Technology & Current Applications

  • Artificial Intelligence (AI): Machine learning, deep learning, neural networks. Large Language Models. Generative AI. Applications in healthcare, finance, education.
  • Internet & Digital: 5G/6G networks, Internet of Things (IoT), Cloud computing, Blockchain (cryptocurrency, NFTs), Cybersecurity.
  • Space Technology: ISRO (Chandrayaan-3, Aditya-L1, Mangalyaan). NASA missions (Artemis, James Webb Space Telescope). Satellites (communication, weather, GPS). GPS (Global Positioning System — NavIC for India).
  • Nuclear Technology: Nuclear power plants (India — Kudankulam, Rajasthan).
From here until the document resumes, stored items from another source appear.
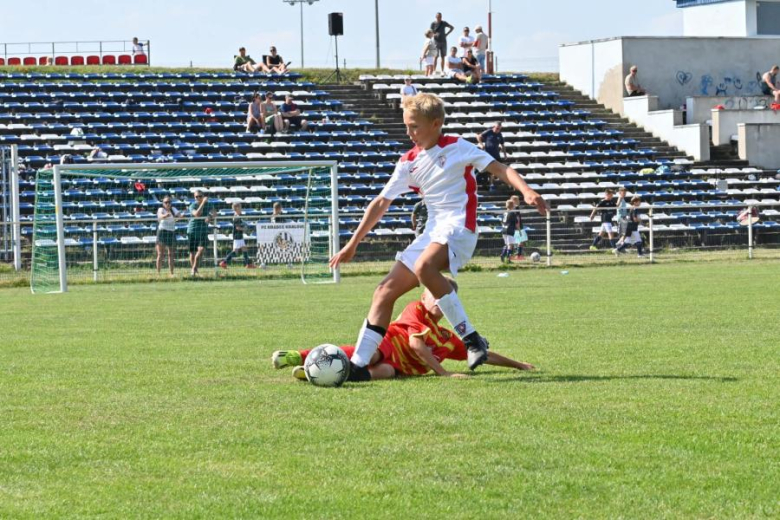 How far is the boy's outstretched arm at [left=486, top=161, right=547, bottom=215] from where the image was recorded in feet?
27.1

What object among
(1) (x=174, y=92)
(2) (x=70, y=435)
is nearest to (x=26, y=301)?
(2) (x=70, y=435)

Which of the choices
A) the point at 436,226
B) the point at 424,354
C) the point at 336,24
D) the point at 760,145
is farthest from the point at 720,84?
the point at 424,354

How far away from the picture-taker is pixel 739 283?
21.0 meters

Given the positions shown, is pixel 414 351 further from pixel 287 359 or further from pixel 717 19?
pixel 717 19

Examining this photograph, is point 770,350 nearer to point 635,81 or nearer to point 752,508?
point 752,508

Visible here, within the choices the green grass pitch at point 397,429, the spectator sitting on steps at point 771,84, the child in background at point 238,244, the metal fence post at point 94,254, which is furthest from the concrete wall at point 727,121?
the green grass pitch at point 397,429

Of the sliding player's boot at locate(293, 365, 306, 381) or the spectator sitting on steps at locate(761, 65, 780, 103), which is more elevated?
the spectator sitting on steps at locate(761, 65, 780, 103)

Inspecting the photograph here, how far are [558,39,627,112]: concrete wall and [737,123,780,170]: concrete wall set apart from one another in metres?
5.16

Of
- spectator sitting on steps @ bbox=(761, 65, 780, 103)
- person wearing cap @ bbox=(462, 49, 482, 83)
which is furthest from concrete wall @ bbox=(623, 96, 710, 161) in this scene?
person wearing cap @ bbox=(462, 49, 482, 83)

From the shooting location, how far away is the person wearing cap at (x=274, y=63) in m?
45.1

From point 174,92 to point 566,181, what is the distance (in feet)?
41.4

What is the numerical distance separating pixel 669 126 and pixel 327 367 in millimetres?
36210

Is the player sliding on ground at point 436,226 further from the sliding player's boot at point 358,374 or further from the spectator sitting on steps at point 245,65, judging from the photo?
the spectator sitting on steps at point 245,65

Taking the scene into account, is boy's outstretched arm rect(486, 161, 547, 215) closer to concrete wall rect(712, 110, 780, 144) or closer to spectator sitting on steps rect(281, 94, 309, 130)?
spectator sitting on steps rect(281, 94, 309, 130) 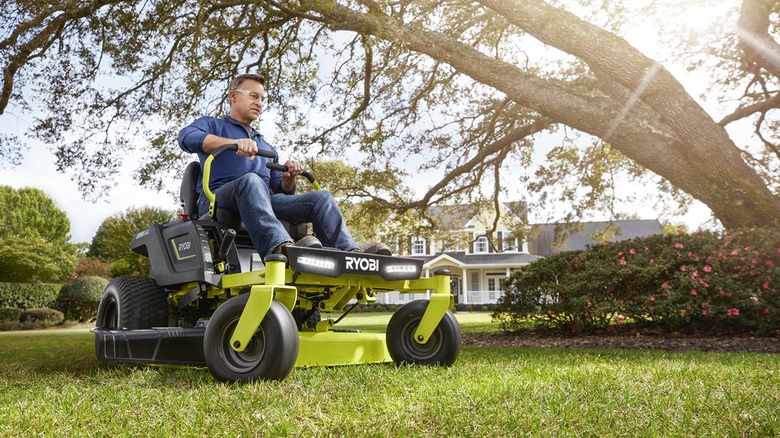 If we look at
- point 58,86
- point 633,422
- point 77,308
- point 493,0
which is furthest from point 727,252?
point 77,308

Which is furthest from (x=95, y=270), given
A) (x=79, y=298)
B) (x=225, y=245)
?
(x=225, y=245)

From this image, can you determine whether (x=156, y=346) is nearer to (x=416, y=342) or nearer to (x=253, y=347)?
(x=253, y=347)

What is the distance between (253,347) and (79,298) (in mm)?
22109

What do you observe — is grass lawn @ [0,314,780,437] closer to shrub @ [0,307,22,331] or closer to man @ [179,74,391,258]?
man @ [179,74,391,258]

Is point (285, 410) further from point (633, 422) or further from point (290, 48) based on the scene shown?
point (290, 48)

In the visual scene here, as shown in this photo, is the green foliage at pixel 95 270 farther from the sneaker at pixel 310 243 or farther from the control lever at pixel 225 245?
the sneaker at pixel 310 243

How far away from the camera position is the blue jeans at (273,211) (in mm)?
3510

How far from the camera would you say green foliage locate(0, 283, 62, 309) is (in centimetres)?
2183

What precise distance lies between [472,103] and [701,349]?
8.83 m

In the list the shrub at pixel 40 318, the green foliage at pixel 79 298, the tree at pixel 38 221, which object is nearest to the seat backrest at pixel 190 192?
the shrub at pixel 40 318

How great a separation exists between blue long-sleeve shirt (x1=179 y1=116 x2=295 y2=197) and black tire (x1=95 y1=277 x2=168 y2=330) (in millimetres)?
735

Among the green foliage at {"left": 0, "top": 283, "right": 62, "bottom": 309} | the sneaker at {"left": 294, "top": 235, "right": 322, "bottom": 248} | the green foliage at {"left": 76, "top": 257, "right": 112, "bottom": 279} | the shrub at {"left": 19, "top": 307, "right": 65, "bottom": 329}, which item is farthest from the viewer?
the green foliage at {"left": 76, "top": 257, "right": 112, "bottom": 279}

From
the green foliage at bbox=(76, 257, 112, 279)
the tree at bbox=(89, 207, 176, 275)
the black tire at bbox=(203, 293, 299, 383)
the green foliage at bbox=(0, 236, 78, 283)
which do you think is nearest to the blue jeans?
the black tire at bbox=(203, 293, 299, 383)

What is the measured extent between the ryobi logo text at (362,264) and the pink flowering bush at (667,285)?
19.2 ft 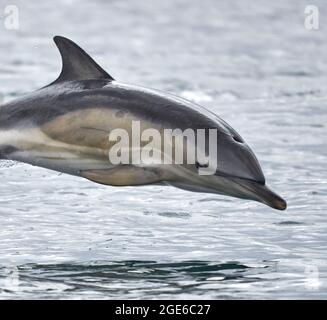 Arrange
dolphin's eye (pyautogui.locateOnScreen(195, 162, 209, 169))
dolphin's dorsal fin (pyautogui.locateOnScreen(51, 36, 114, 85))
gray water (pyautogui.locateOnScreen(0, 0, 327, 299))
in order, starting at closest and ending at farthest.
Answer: gray water (pyautogui.locateOnScreen(0, 0, 327, 299)), dolphin's eye (pyautogui.locateOnScreen(195, 162, 209, 169)), dolphin's dorsal fin (pyautogui.locateOnScreen(51, 36, 114, 85))

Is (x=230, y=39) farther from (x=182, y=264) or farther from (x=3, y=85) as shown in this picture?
(x=182, y=264)

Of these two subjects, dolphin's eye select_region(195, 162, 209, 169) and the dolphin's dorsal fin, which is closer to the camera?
dolphin's eye select_region(195, 162, 209, 169)

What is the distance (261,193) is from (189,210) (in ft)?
6.07

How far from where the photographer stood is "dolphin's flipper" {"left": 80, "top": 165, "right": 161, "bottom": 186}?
7.99 meters

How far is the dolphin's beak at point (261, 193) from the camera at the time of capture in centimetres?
782

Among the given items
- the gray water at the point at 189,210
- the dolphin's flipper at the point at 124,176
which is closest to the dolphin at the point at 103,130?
the dolphin's flipper at the point at 124,176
Nuclear weapons (India — Pokhran 1998, Article 51A(6) prohibits it? Actually India claims No First Use). Fission vs fusion.
  • Renewable Energy: Solar (photovoltaic cells), Wind (turbines), Hydroelectric, Geothermal, Biomass. Green hydrogen.
  • Transportation: Electric vehicles (EVs). Lithium-ion batteries. Hyperloop. Autonomous vehicles.

Exam Tips for XAT:

  • XAT General Science questions are not deeply technical — focus on practical applications, recent developments, and basic principles.
  • Current science news (Nobel Prizes, new discoveries, India’s tech achievements) is high-yield.
  • Environment and climate-related science is frequently tested given XAT’s focus on management aptitude and sustainable business.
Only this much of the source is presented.